Lemba women prepares a traditional dish whilst a group of children look on

The Weight of Belonging

What does it mean to belong in Africa? in Judaism? In history? For the Lemba, this question is not academic. It is lived. It is the silence in synagogues that will not accept them. It is the questions they face in schools, in cities, in churches. It is the tug of two worlds and the suspicion of both.

 A traditional Lemba proverb reminds us: “Once we had a drum because we were a holy people and once we had a book because we were a wise people.”

Belonging, for the Lemba, is a struggle against erasure. A defiant claim to memory. A refusal to be exoticized or erased.

Lemba women in their traditional attire

Conclusion: Demystifying by Dignifying

To demystify the Lemba is not to debunk them, it is to dignify them. To move beyond sensational headlines and into the heart of their living history.

Our story is not about Jewish genes or lost tribes. It is about African complexity. About the survival of belief under colonial denial. About the strength of oral tradition. About the right to remember without apology.

In a time when identity is currency, the Lemba remind us that some identities are forged not in the spotlight, but in the sacred shadows of forgotten lands.

Their myth is their memory.

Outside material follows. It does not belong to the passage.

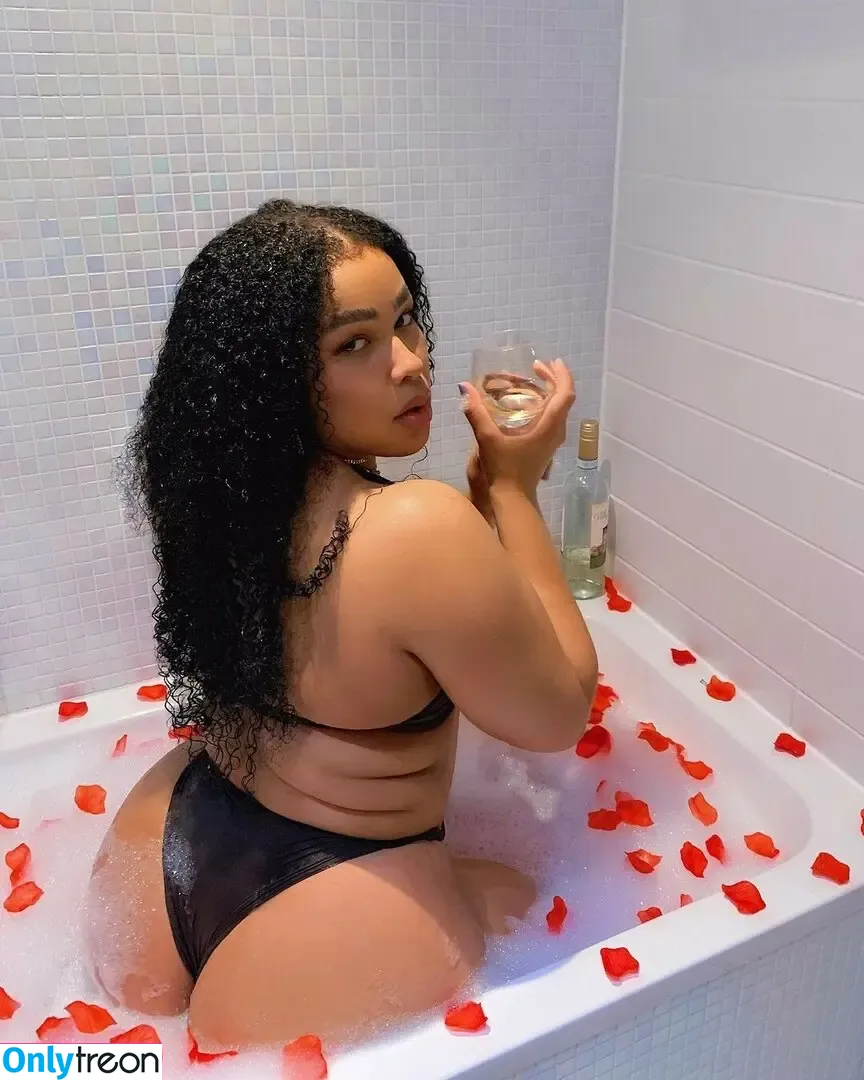 amielatisha nude photo #0009 (Latisha Allen / lovelatisha)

Their memory is their resistance. Their resistance is their truth.

The Lemba people of Southern Zimbabwe
Tshepo Koka

Tshepo Koka is the Editor-at-large at Global South Media Network (GSMN)

2 Responses

  1. Thanks Moshabi for a factual thought provoking presentation of a rich history untold, a case of missed opportunities to learn from us as important contributors and role players in the global village we all must co exist in. Proud to be part of this reawakened lineage of Buba. We need a realigned revolution without and around us to reclaim our space and role. We must recognize ourselves and our worth for others to appreciate us. Fortunately, our light shines brighter than the stars, we are thr o ly.o wa who can dim it and no one else…proud Lemba
    Nyahoda, Munyai….kgadi ya di Tlou tsa Bokgalaka

  2. Thank you for finding value. I think we should all strive to advance our people by telling their history. Lest we are forgotten. Shalom.